Americans who want to donate their organs to other registered organ donors don't have to wait for UNOS to act. They can join LifeSharers, a non-profit network of organ donors who agree to offer their organs first to other organ donors when they die. Membership is free at http://www.lifesharers.org or by calling 1-888-ORGAN88. There is no age limit, parents can enroll their minor children, and no one is excluded due to any pre-existing medical condition.
Giving organs first to organ donors will convince more people to register as organ donors. It will also make the organ allocation system fairer. Non-donors should go to the back of the waiting list as long as there is a shortage of organs.
David J. Undis
Executive Director
LifeSharers
Wouldn't this primarily incentivize only those non-donors who have been diagnosed with organ failure requiring transplant to become donors?
I'm really hoping Ms.
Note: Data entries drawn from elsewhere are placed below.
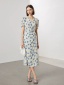 dongguan dress factory, dongguan dress supplier  summer dress silk dress silk skirt dress satin dress floral dress overall dress cotton dress skirt dress vintage dress bodycon dress slip dress A line dress lace dress chiffon dress chinese style dress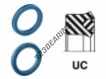 UC-30.16X36.52X3.17-PU94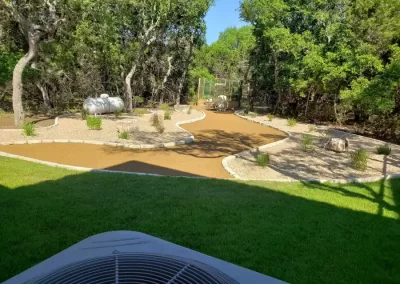 Excellent Landscape Services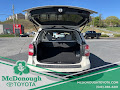 2014 Subaru Forester 2.5i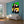 Laden Sie das Bild in den Galerie-Viewer, Pop-Art vom Foto - 2-Warhol plus 04 (wpl-2-04) - Künstlerisches Pop-Art Bild vom eigenen Foto
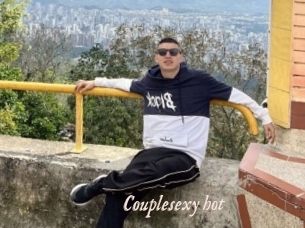 Couplesexy_hot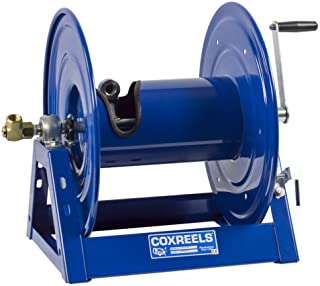 CoxReels 1125 Series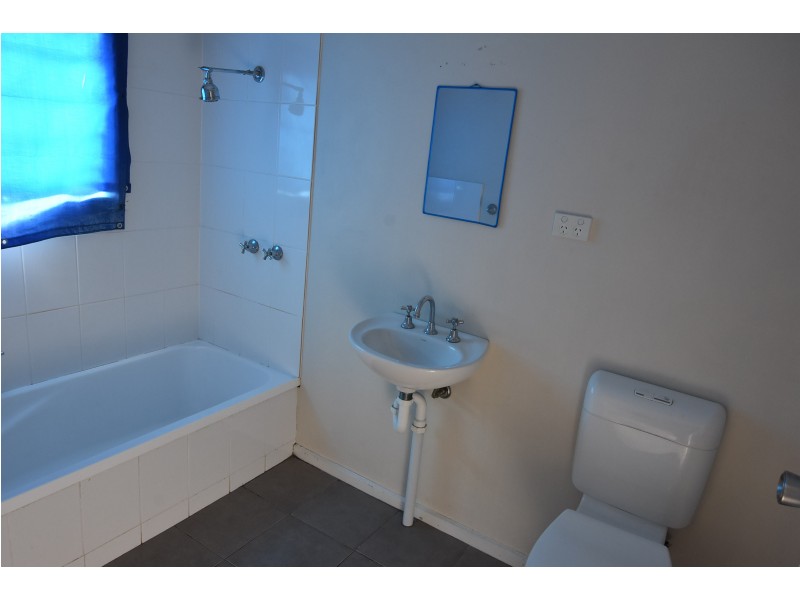 36 Victoria Street, Moe VIC 3825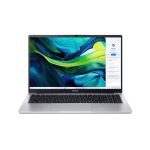 Portátil Acer Aspire Lite AL15-32P-C77C con Intel® Celeron® N4500, pantalla de 15.6 pulgadas Full HD, 4 GB de RAM y 128 GB eMMC, SKU NX.JBAEB.002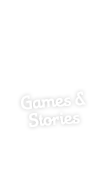 Games & Stories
Mangu-Ward was exercising a bit of snark and is not this ignorant of how the transplant industry dysfunctions.
4.4 living kidney donors die each year in the US within 12 months of surgery (per OPTN data)
20% experience physical complications: nerve damage, hernia, adrenal dysfunction, pancreatitis, chylous ascites, testicular swelling and sensitivity, chronic pain, hypertension, etc.
20-30% experience depression, anxiety, anger, PTSD, financial and other psychosocial difficulties. Not a single transplant ctr offers aftercare or support services.
There are no national standards of evaluation, selection, treatment or aftercare for living donors. Every transplant center makes up its own rules. A 2011 study concluded that these variable practices are also not based on any clinical evidence.
More than a decade after the Sec of Health mandated transplant ctrs to report one-year (2 yrs in 2006) of LD follow-up, 40% of LDs are reported 'lost' by one year. In 2009, OPTN's own data task force called the database 'woefully inadequate' and 'useless' for analysis or research.
There is NO long-term data on LDs health and well-being. We have no idea what happens to LKDs 20 or more years down the road. We do know that reduced renal function means a higher lifetime risk of hypertension, cardiac disease and death, and kidney disease and death. 300+ living kidney donors have needed their own kidney transplant since 1994. We know NOTHING on any living donor prior to 94 (40 yrs of LDs) because no one thought it was important to collect something as a rudimentary as a security number.
Even that isn't enough evidence, know that every study from every country with legal or illegal organ sales concludes the situation to be incredibly detrimental to the living donor/vendor. They experience more health problems, greater financial difficulties, increased psychosocial issues, and a reduced quality of life.
The government and transplant industry has had nearly 60 years to fulfill their responsibilities to living donors and the public. They have overwhelmingly failed.